MATERIAL SUPPLIED:
+++

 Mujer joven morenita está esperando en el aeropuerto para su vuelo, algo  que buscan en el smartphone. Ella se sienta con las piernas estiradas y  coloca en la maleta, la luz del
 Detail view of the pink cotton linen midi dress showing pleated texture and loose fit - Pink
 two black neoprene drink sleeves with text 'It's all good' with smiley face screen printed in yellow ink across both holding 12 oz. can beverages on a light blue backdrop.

+++

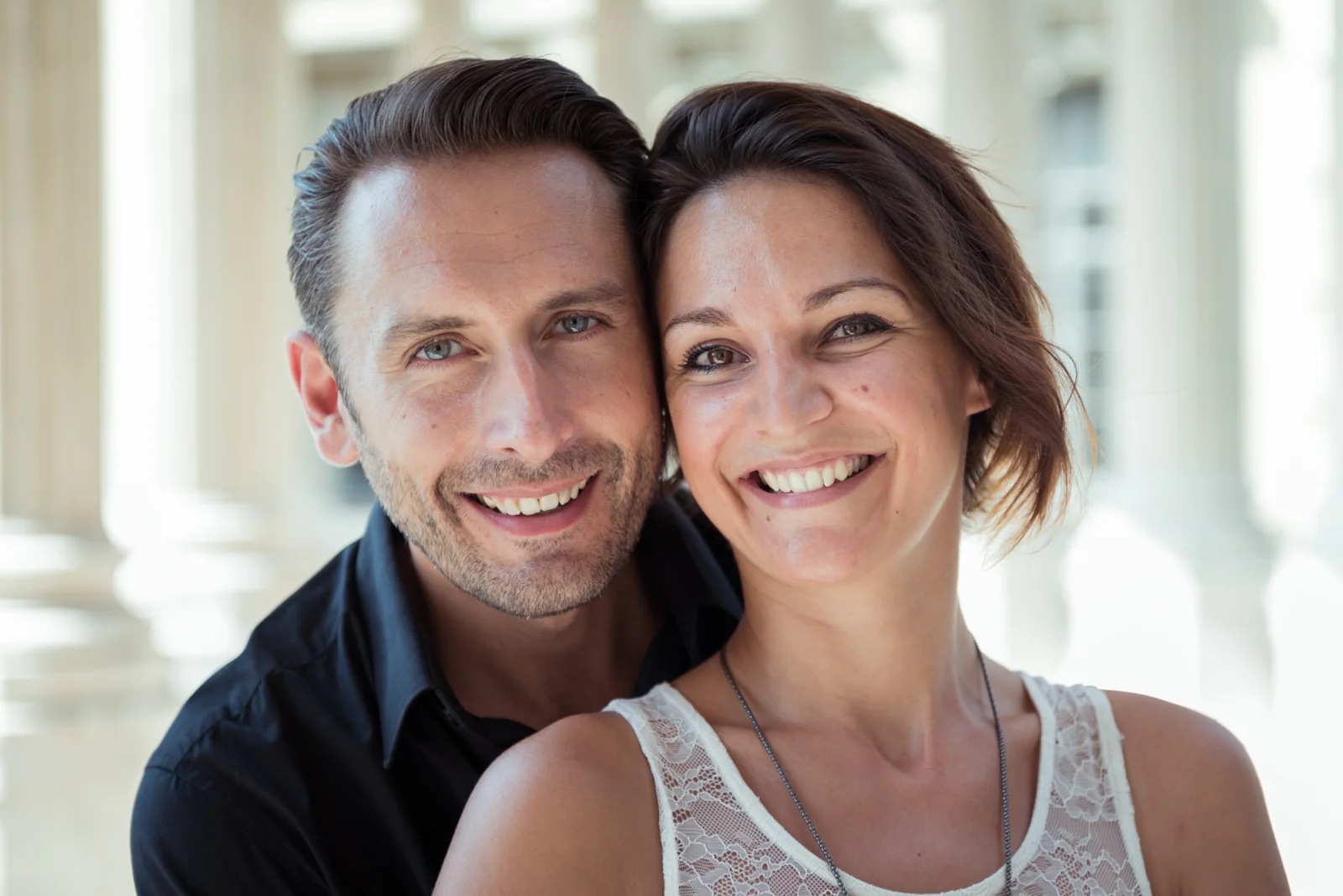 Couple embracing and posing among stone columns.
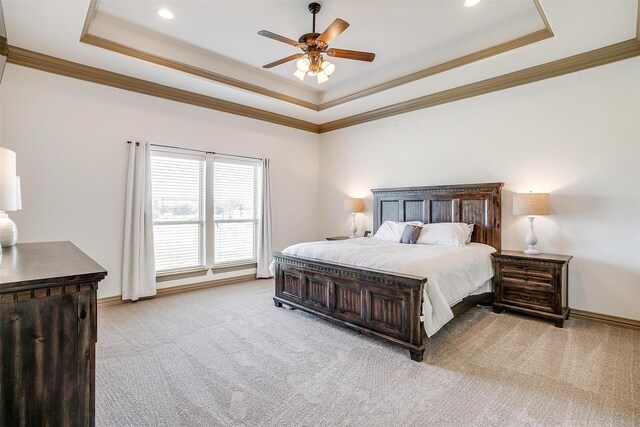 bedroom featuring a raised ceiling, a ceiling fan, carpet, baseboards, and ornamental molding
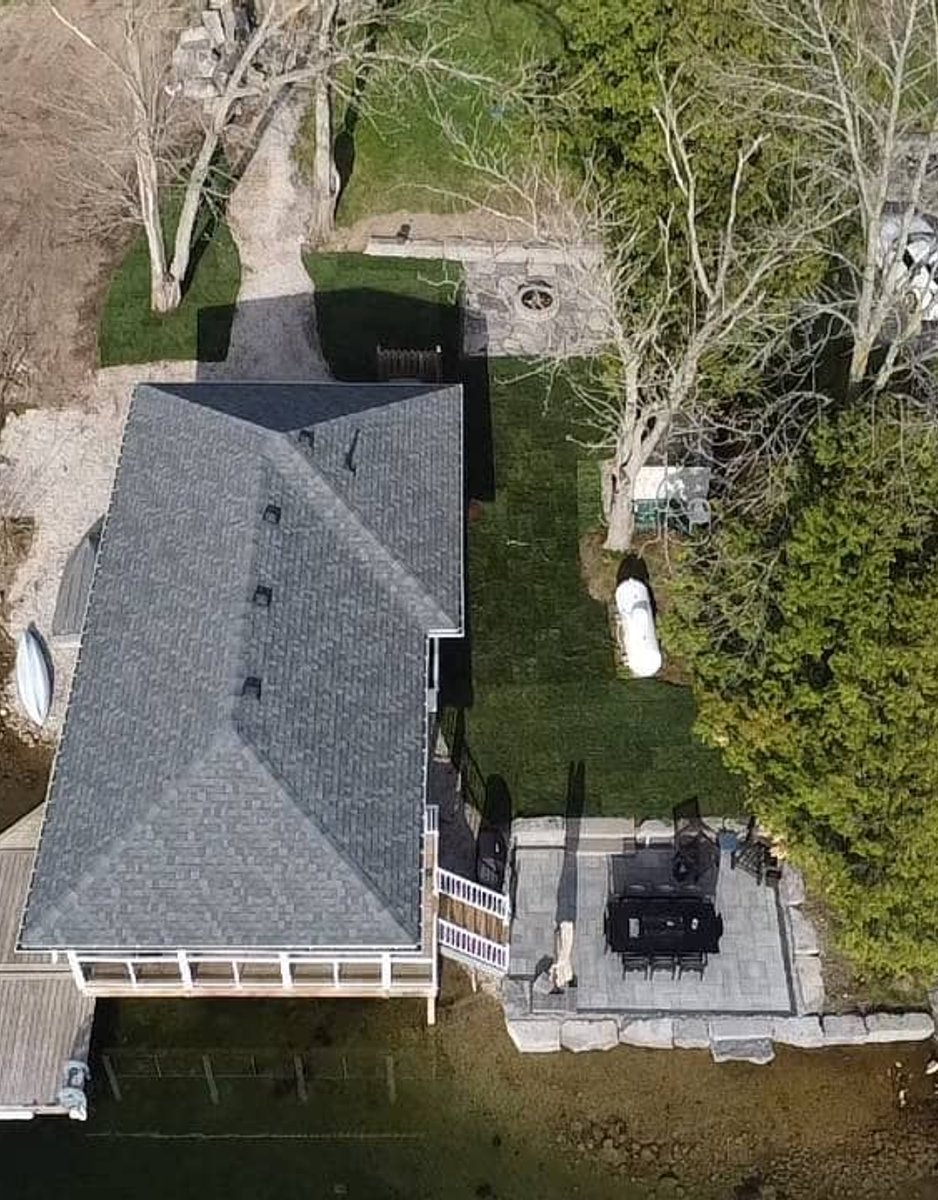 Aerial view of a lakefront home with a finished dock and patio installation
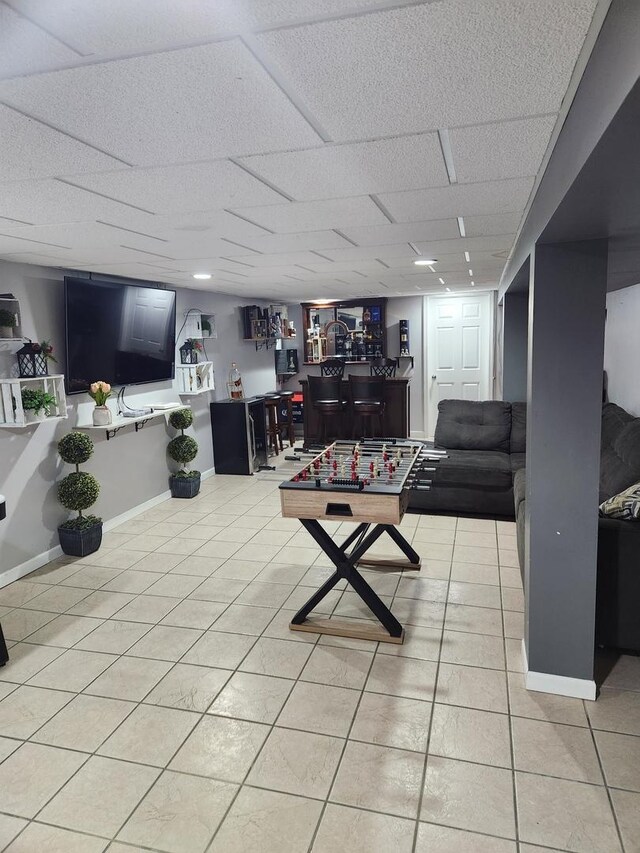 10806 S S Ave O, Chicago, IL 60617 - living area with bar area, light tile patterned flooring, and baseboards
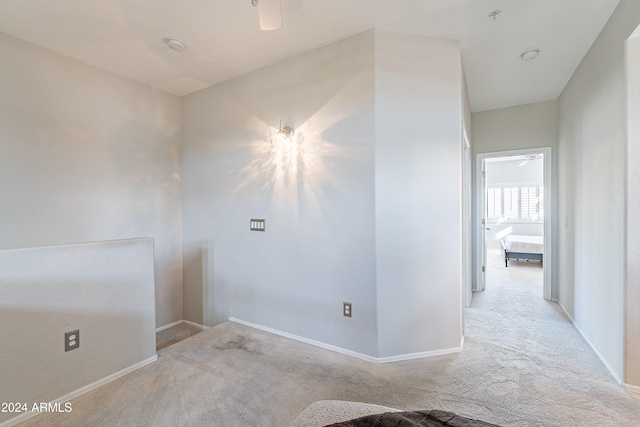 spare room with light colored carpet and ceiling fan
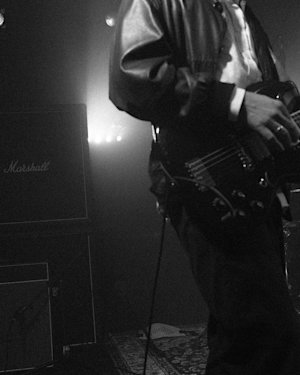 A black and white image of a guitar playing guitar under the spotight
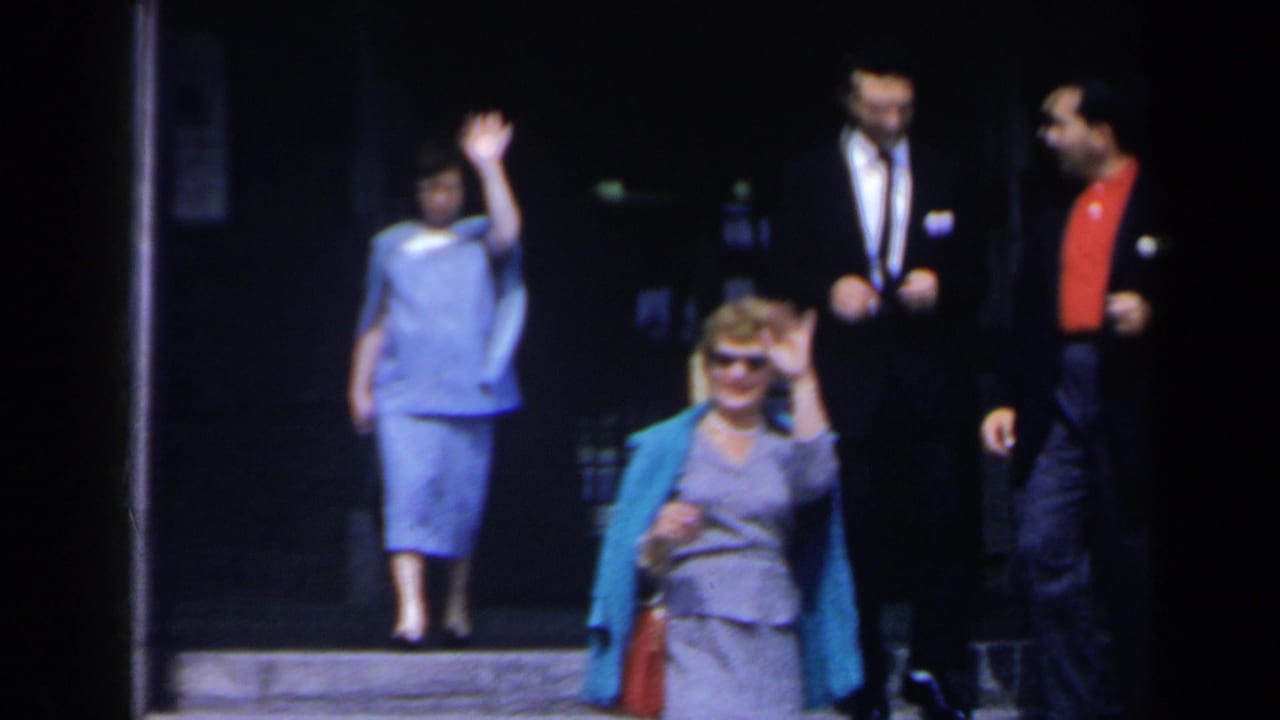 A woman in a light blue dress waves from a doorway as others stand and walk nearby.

+++

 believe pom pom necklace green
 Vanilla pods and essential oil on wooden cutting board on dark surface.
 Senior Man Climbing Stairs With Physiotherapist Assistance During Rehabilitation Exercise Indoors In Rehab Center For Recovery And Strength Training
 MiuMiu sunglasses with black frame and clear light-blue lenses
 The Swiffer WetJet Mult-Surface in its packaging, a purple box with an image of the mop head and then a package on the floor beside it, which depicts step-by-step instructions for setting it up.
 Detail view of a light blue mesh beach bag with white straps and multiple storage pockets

+++

WORK TO BE COMPLETED:
What is asked for is an exact copy of the lines above from the one containing "The Swiffer WetJet" through the one containing "Detail view of a", and only those.

TASK OUTPUT:
 The Swiffer WetJet Mult-Surface in its packaging, a purple box with an image of the mop head and then a package on the floor beside it, which depicts step-by-step instructions for setting it up.
 Detail view of a light blue mesh beach bag with white straps and multiple storage pockets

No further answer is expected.